WHAT YOU SHOULD DO
Excluding every picture, print exactly the lines from the one containing "9276 Dirgie Mine" through the end of the material below, both ends included.

____

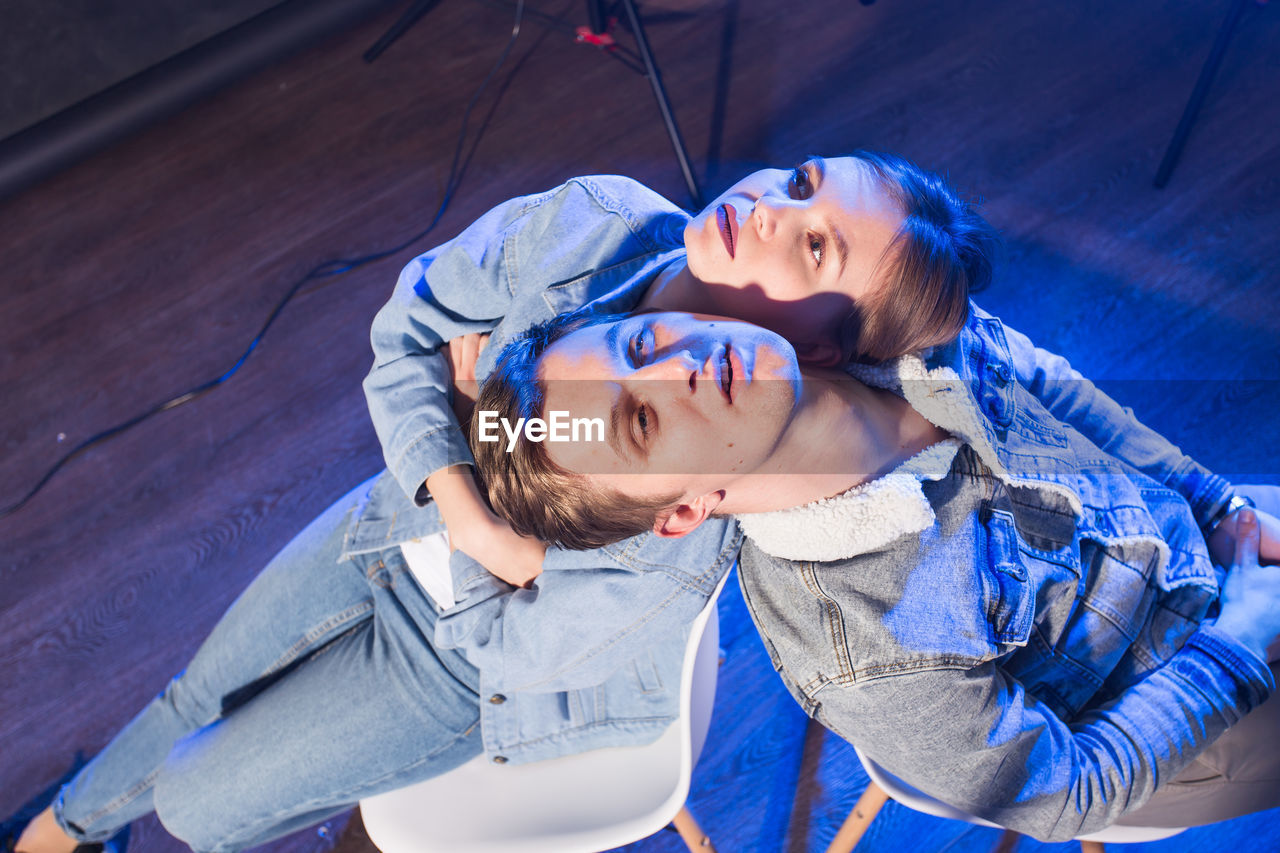 High angle view of mother and daughter against blue wall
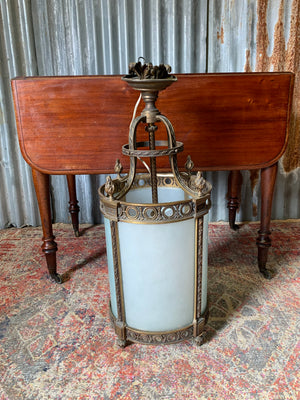 A bronze and glass hall lantern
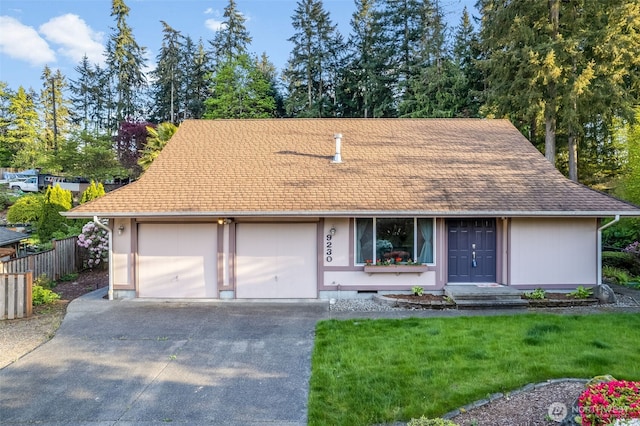 9230 119th St E, Puyallup, WA 98373 - view of front of house with fence, roof with shingles, an attached garage, a front lawn, and driveway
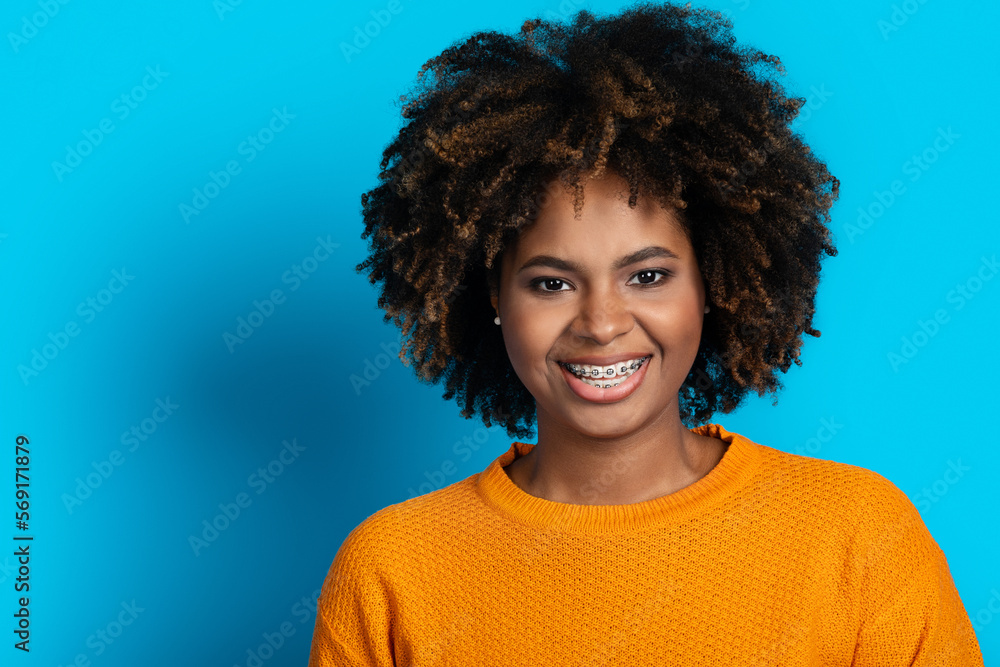 Portrait of attractive smiling black woman posing on blue Portrait of attractive smiling black woman posing on blue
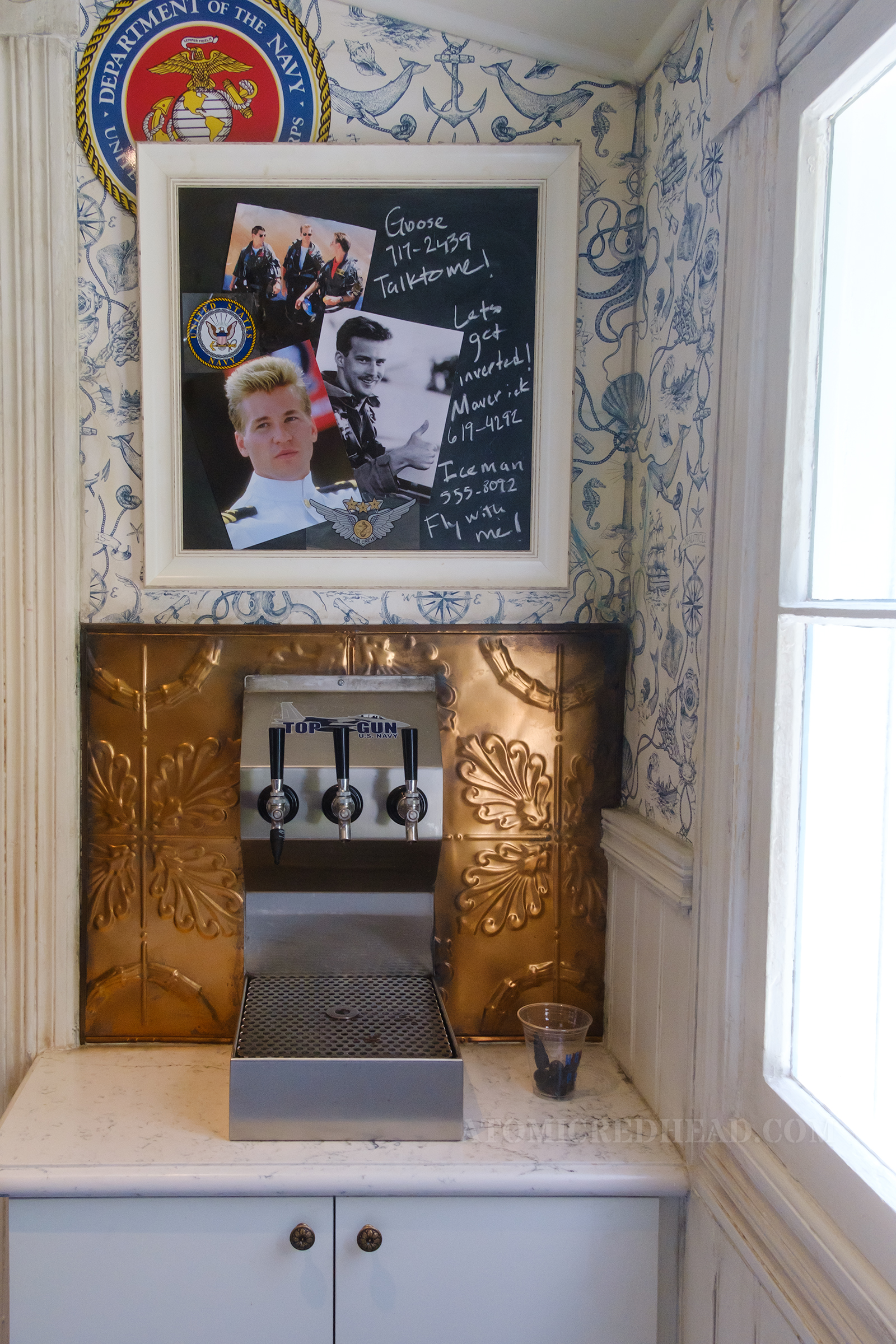 Pictures of Goose, Maverick, and Iceman hang on a chalkboard along with their phone numbers, next to Goose reads "Talk to me," next to Maverick's reads "Let's get inverted" and next to Iceman's it reads "Fly with me"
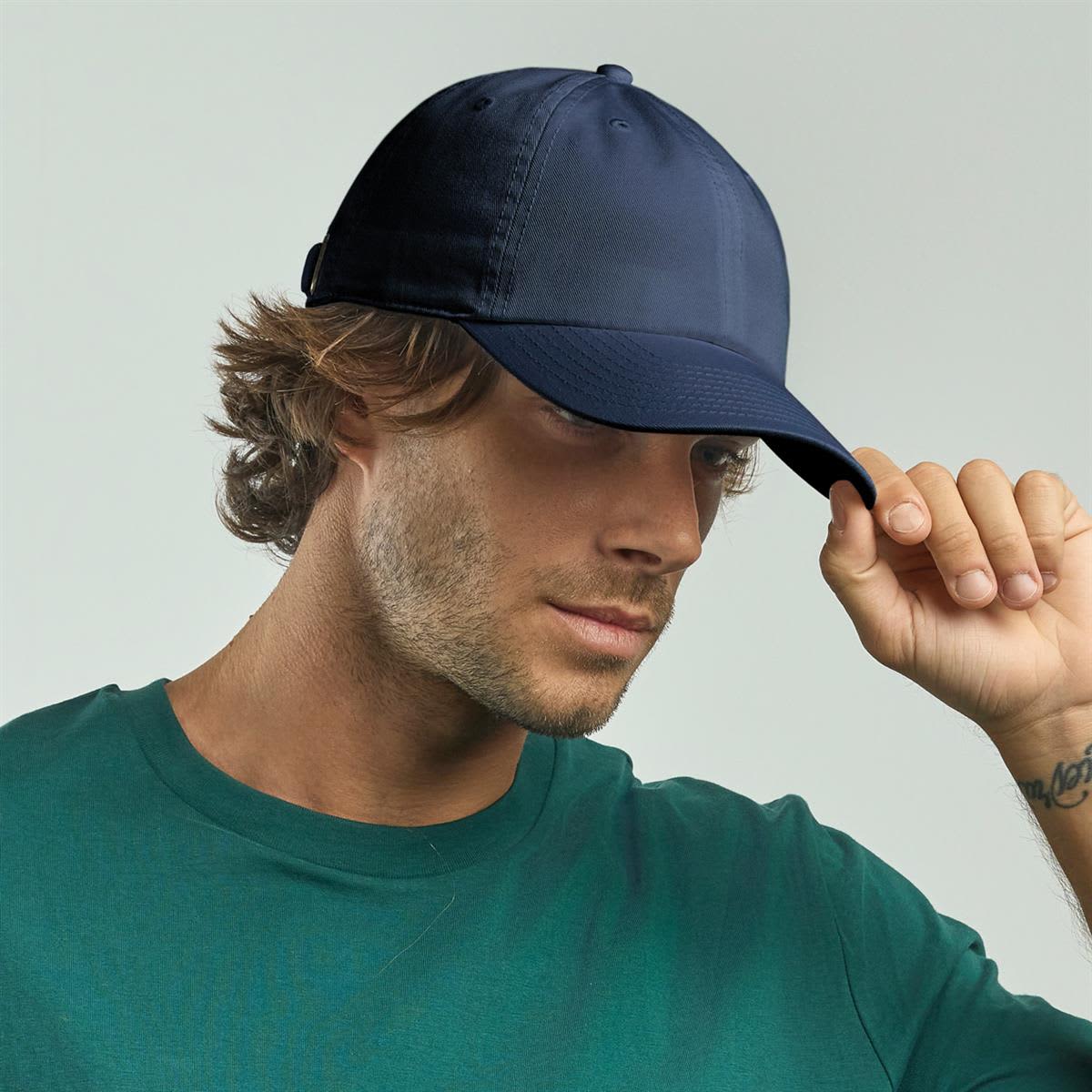 Fraser Organic Dad Hat LE-A5700 A navy organic dad hat is worn by a man with wavy hair, paired with a green shirt. The hat features a logo.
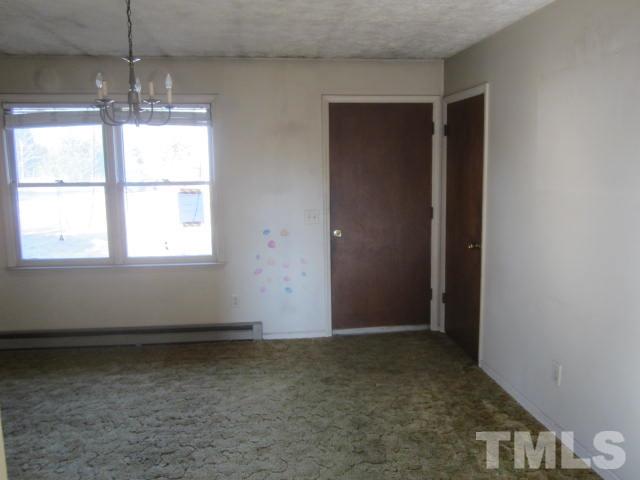 9276 Dirgie Mine Road Roxboro, NC 27574 - Photo 6 of 14 an empty room with chandelier fan and windows
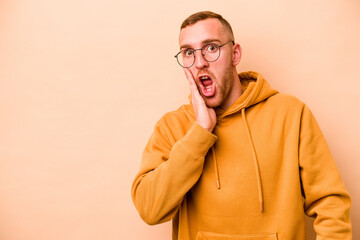 Young caucasian man isolated on beige background shouts loud, keeps eyes opened and hands tense.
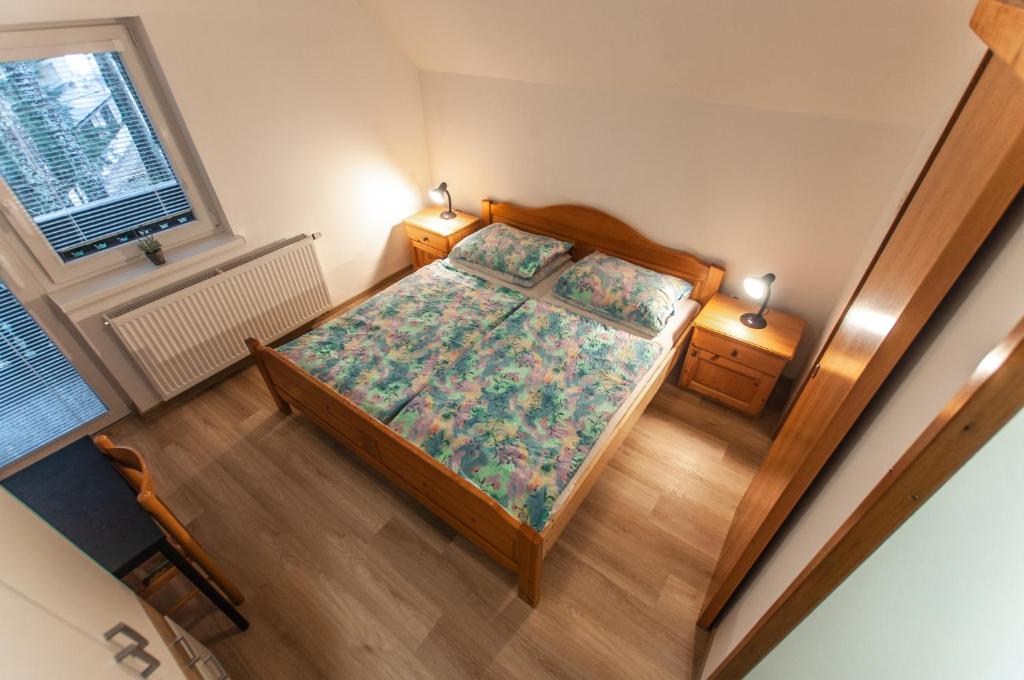 Postel nebo postele na pokoji v ubytování Apartment Ticar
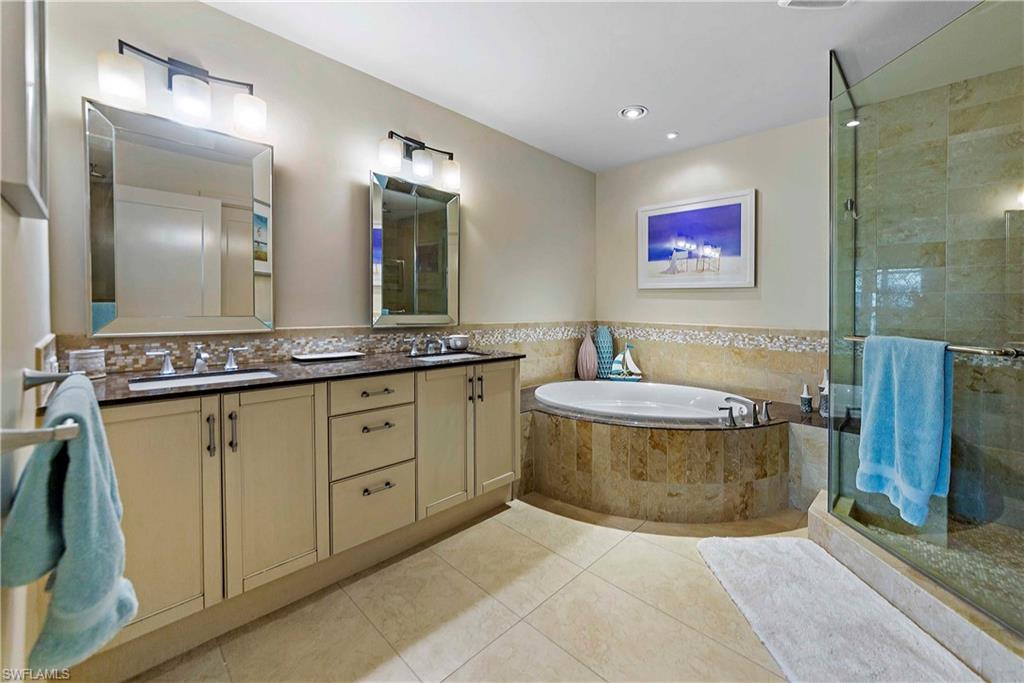9115 Strada Place, Unit 5501 Naples, FL 34108 - Photo 12 of 31 a spacious bathroom with a granite countertop sink a mirror and a bathtub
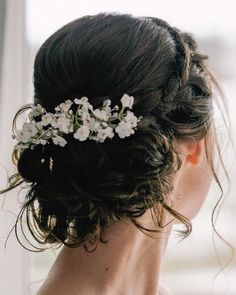 a woman with flowers in her hair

____

EXPECTED ANSWER
 9276 Dirgie Mine Road Roxboro, NC 27574 - Photo 6 of 14 an empty room with chandelier fan and windows
 Young caucasian man isolated on beige background shouts loud, keeps eyes opened and hands tense.
 Postel nebo postele na pokoji v ubytování Apartment Ticar
9115 Strada Place, Unit 5501 Naples, FL 34108 - Photo 12 of 31 a spacious bathroom with a granite countertop sink a mirror and a bathtub
 a woman with flowers in her hair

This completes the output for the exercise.